## What is required
With images removed, transcribe each record exactly as it appears.

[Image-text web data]
■ ■ ■

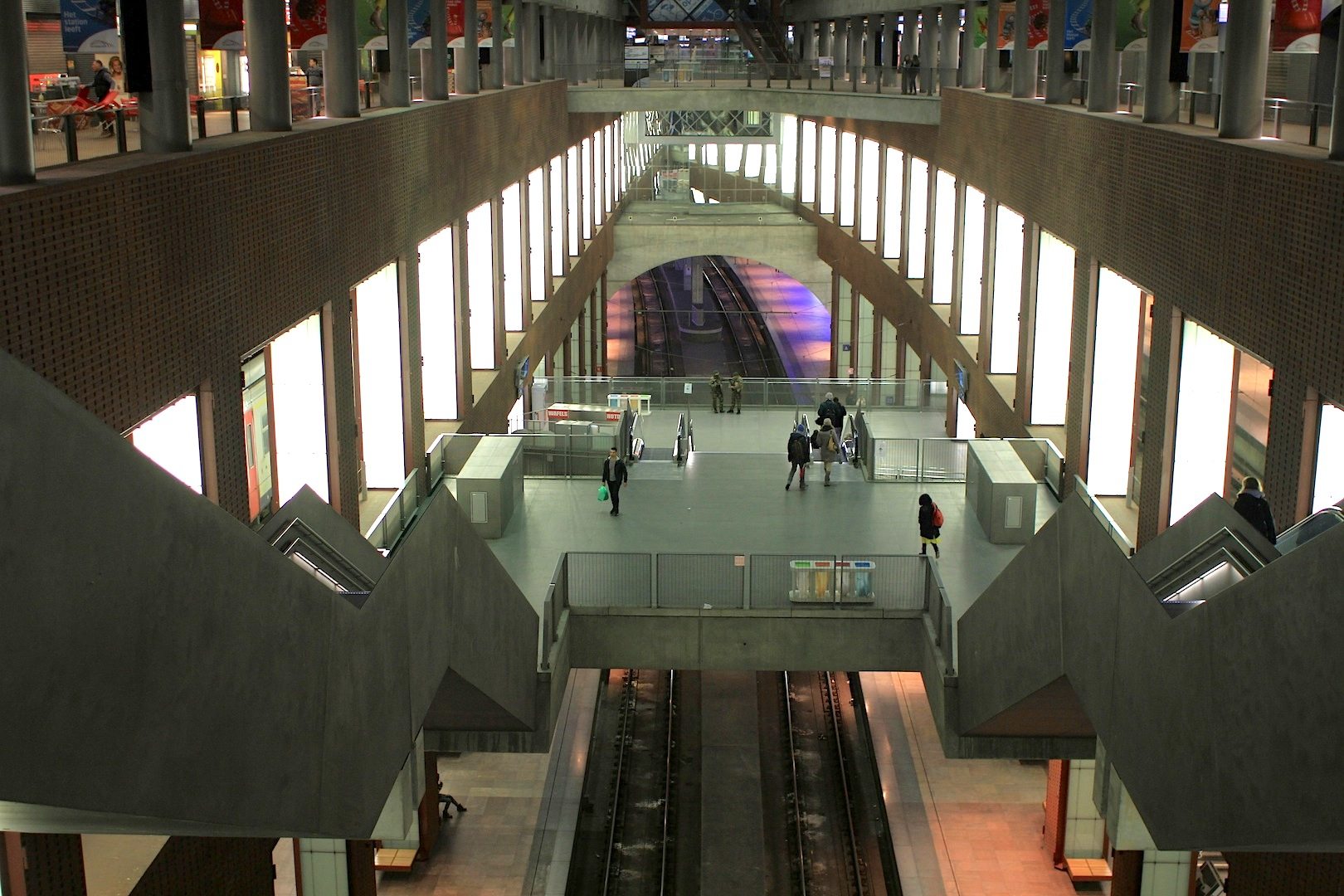 Die Lösung des Genter Architekten Jacques Voncke: die Vertiefung und Untertunnelung des Bahnhofs für Schnellzuganschlüsse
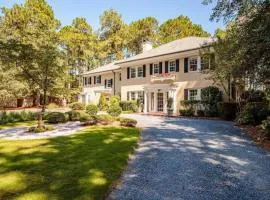 Knollwood Manor - The Historic Mid Pines Mansion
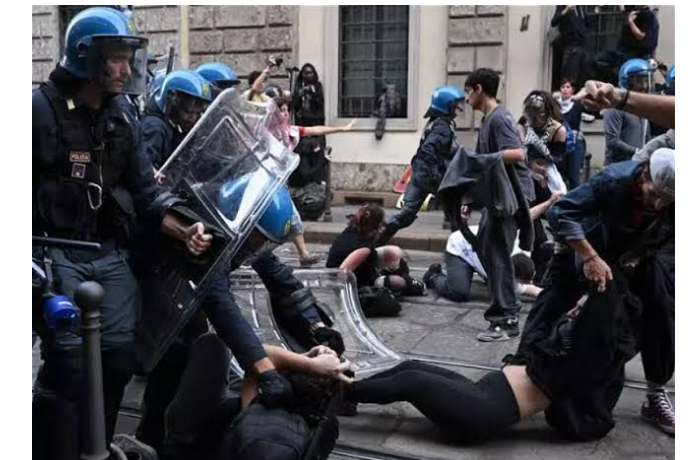 v-italii-v-khode-protestov-yest-zaderzhannye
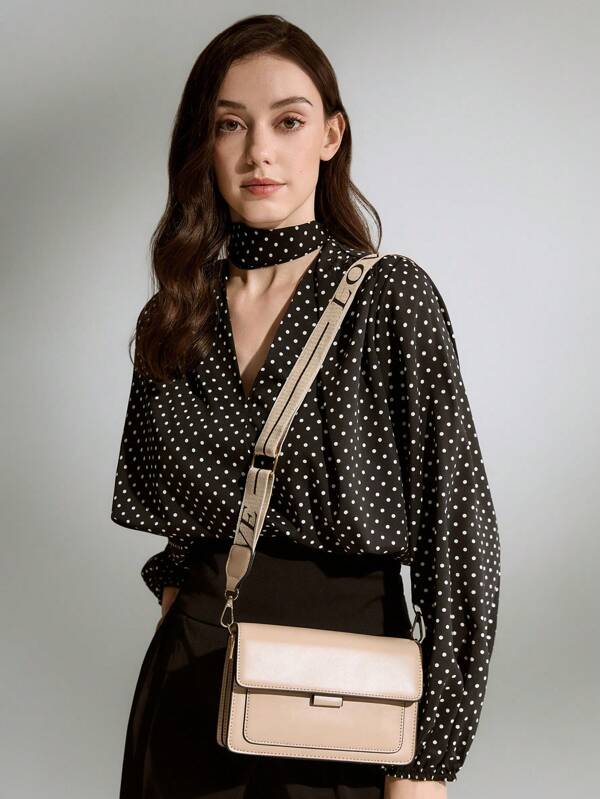 Fashionable Simple Flip Bag Wide Strap Crossbody Bag (Random Side Metal Buckle)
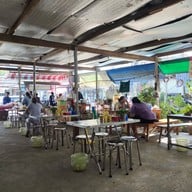 บรรยากาศ น้องหมูน้ำตก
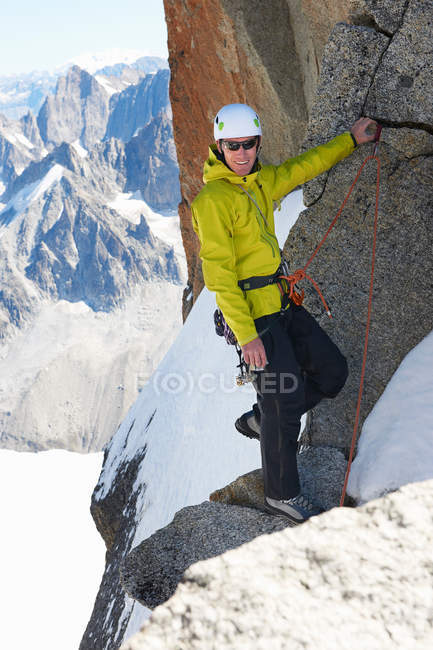 Portrait d'alpiniste souriant — Photo de stock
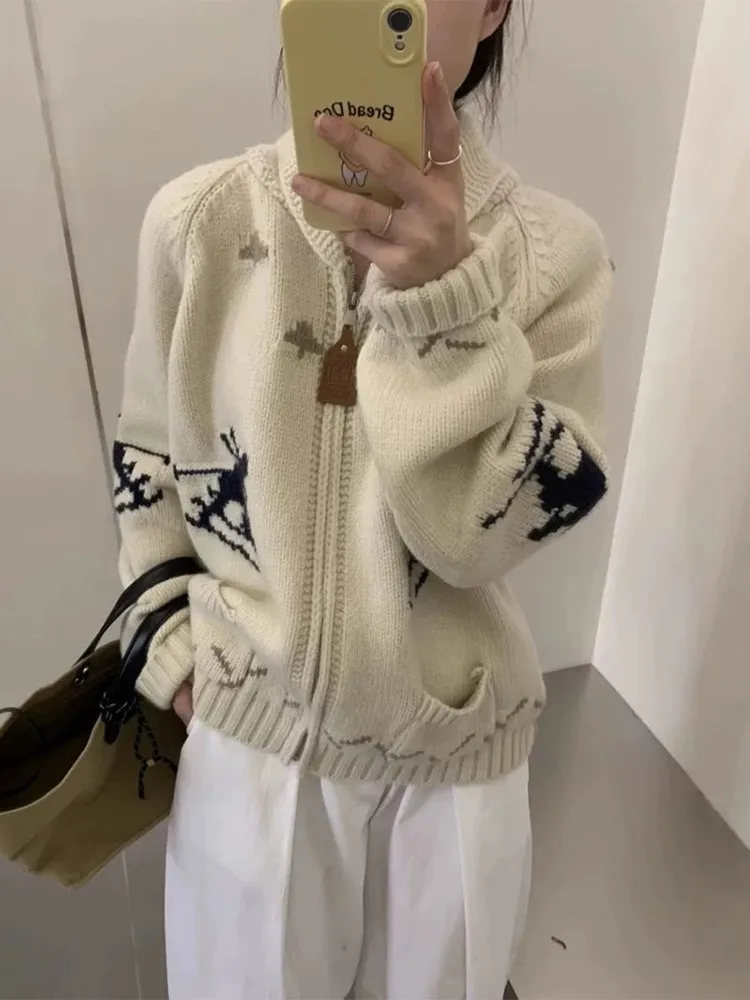 

Fashion Jacquard Knitted Cardigan Sweater Women 2025 New Autumn Retro Elegant Korean Zipper Turndown Collar Long Sleeve Sweater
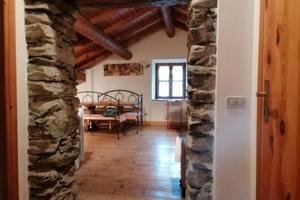 MADESIMO località ISOLA - STPENDA MANSARDA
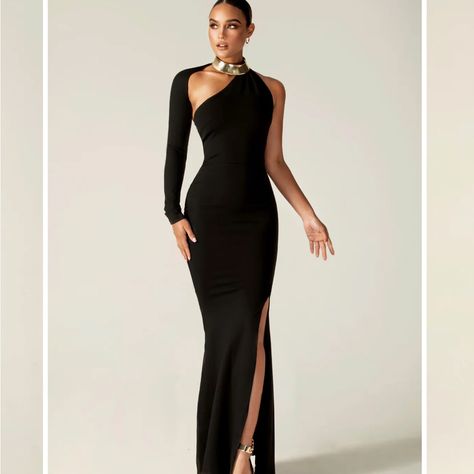 Reposhing This Item I Purchased. Loved It, But Unfortunately Too Big For Me! Questions? Leave A Comment Below! Club Outfits For Women, One Sleeve Dress, Maxi Gown Dress, Split Maxi Dress, Bodycon Maxi Dresses, Slim Dresses, Style Maxi Dress, Club Outfits, Glamorous Evening Gowns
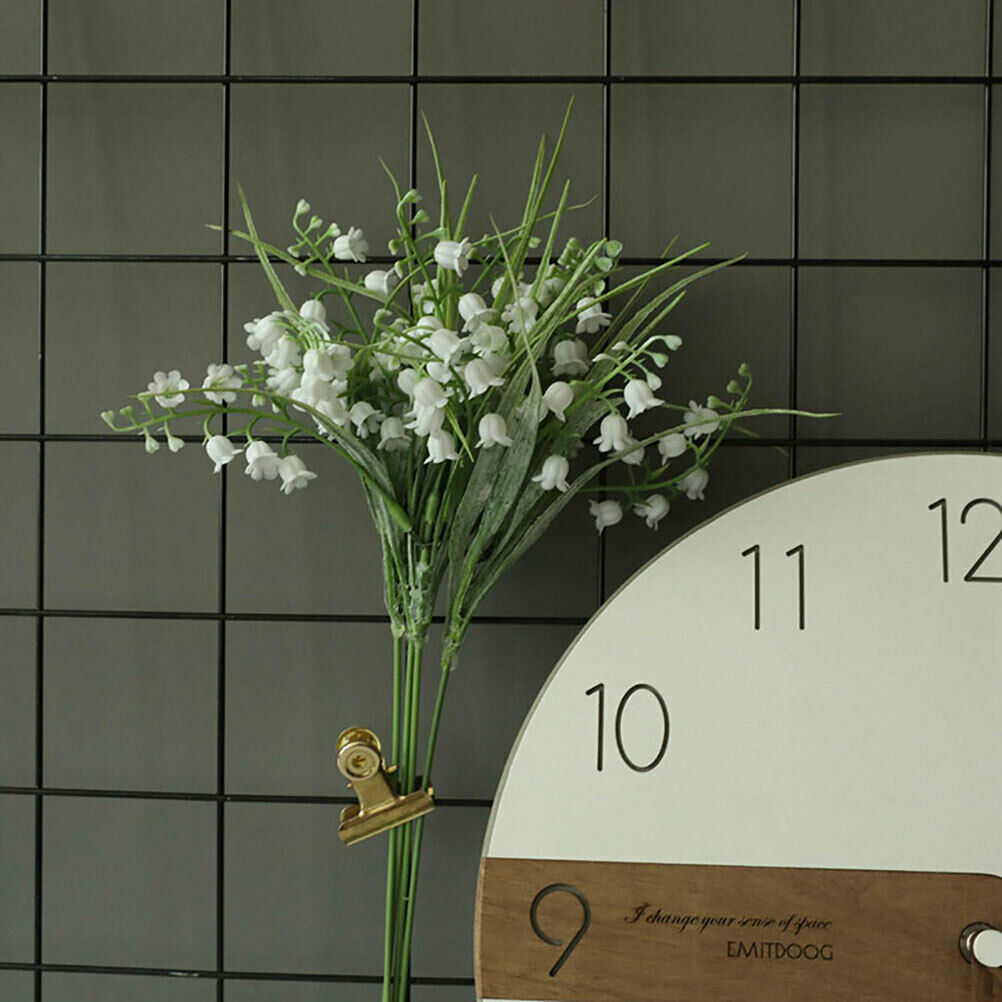Wedding ornaments with simulated flowers of Campanula campanula.l8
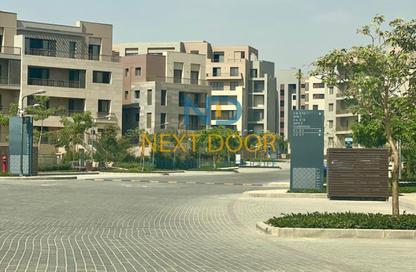 Apartment - 2 Bedrooms - 3 Bathrooms for sale in District 5 - 5th Settlement Compounds - The 5th Settlement - New Cairo City - Cairo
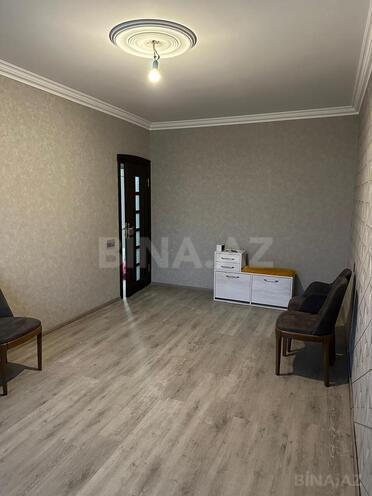 Продаётся 3-комн. вторичка 55 м², Бинагадинский р., photo 3 from 17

■ ■ ■

## Written answer
 Die Lösung des Genter Architekten Jacques Voncke: die Vertiefung und Untertunnelung des Bahnhofs für Schnellzuganschlüsse
 Knollwood Manor - The Historic Mid Pines Mansion
 v-italii-v-khode-protestov-yest-zaderzhannye
 Fashionable Simple Flip Bag Wide Strap Crossbody Bag (Random Side Metal Buckle)
 บรรยากาศ น้องหมูน้ำตก
 Portrait d'alpiniste souriant — Photo de stock

Fashion Jacquard Knitted Cardigan Sweater Women 2025 New Autumn Retro Elegant Korean Zipper Turndown Collar Long Sleeve Sweater
 MADESIMO località ISOLA - STPENDA MANSARDA
 Reposhing This Item I Purchased. Loved It, But Unfortunately Too Big For Me! Questions? Leave A Comment Below! Club Outfits For Women, One Sleeve Dress, Maxi Gown Dress, Split Maxi Dress, Bodycon Maxi Dresses, Slim Dresses, Style Maxi Dress, Club Outfits, Glamorous Evening Gowns
Wedding ornaments with simulated flowers of Campanula campanula.l8
 Apartment - 2 Bedrooms - 3 Bathrooms for sale in District 5 - 5th Settlement Compounds - The 5th Settlement - New Cairo City - Cairo
 Продаётся 3-комн. вторичка 55 м², Бинагадинский р., photo 3 from 17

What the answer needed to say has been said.